* **YOUR ASSIGNMENT**
Look for the word "email" in the entries below, then copy every line that has it.

* **DATA RECORDS**

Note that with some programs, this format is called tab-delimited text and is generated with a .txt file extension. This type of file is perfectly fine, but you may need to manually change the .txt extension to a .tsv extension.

* * *

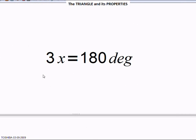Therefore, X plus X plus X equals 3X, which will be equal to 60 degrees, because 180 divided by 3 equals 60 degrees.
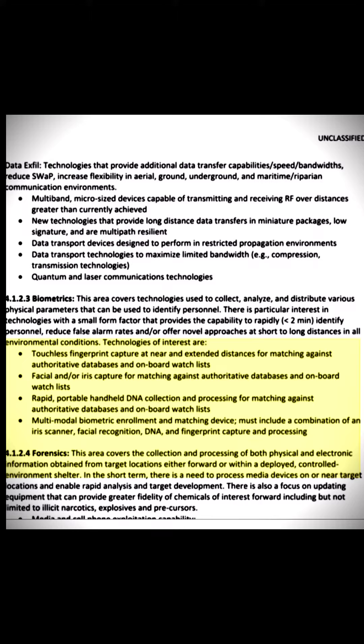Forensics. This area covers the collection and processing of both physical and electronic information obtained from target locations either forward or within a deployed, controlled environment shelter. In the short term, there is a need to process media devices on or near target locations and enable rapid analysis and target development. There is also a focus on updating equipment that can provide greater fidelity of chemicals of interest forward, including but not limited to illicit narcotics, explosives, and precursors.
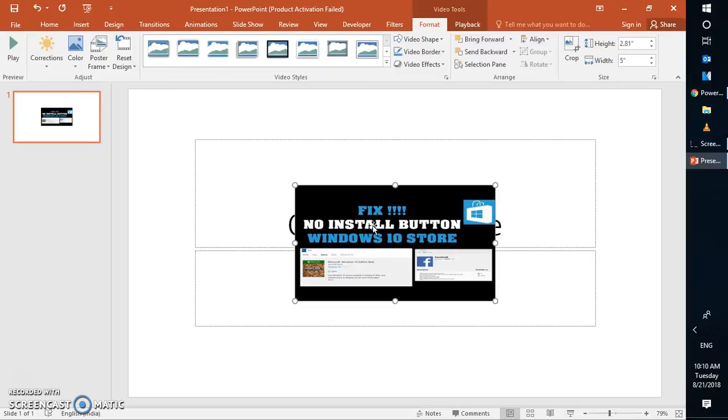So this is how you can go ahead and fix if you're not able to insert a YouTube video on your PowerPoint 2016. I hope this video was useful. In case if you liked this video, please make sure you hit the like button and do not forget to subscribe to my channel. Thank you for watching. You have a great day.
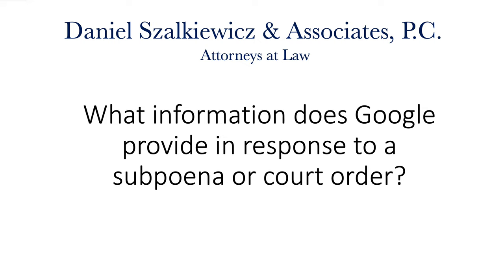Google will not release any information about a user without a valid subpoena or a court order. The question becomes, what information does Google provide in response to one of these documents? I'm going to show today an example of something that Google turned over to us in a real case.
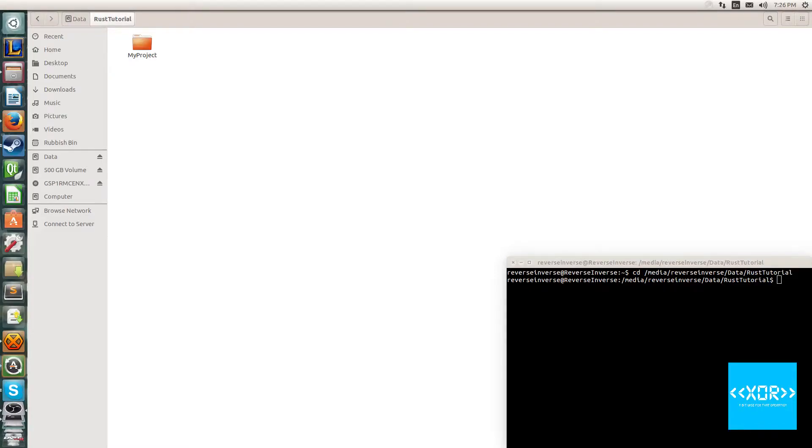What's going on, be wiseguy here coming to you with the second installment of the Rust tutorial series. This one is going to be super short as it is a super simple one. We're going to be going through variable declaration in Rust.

...

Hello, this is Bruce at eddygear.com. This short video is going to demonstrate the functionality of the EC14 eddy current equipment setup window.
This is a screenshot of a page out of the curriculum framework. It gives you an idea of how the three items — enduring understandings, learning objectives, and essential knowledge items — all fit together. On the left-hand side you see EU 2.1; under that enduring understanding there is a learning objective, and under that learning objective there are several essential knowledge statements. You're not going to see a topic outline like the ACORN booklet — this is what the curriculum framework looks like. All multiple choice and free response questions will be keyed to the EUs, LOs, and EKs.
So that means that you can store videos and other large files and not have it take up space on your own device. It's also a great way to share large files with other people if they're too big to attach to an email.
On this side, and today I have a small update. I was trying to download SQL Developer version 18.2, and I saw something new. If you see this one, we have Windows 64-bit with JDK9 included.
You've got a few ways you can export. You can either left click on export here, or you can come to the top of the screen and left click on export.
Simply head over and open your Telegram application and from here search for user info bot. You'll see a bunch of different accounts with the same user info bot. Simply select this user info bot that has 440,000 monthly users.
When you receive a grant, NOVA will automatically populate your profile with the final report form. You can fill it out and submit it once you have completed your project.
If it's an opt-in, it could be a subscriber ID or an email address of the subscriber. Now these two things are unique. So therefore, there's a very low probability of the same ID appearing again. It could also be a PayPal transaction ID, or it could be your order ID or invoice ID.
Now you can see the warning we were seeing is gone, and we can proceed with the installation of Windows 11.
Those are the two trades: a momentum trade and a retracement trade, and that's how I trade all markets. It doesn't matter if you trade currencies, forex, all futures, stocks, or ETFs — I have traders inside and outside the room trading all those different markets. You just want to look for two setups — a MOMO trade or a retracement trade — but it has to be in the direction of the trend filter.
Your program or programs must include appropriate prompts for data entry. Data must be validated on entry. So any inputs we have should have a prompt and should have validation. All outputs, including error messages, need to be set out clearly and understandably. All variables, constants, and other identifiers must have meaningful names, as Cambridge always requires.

* **ANSWER TO THIS TASK**
So that means that you can store videos and other large files and not have it take up space on your own device. It's also a great way to share large files with other people if they're too big to attach to an email.
If it's an opt-in, it could be a subscriber ID or an email address of the subscriber. Now these two things are unique. So therefore, there's a very low probability of the same ID appearing again. It could also be a PayPal transaction ID, or it could be your order ID or invoice ID.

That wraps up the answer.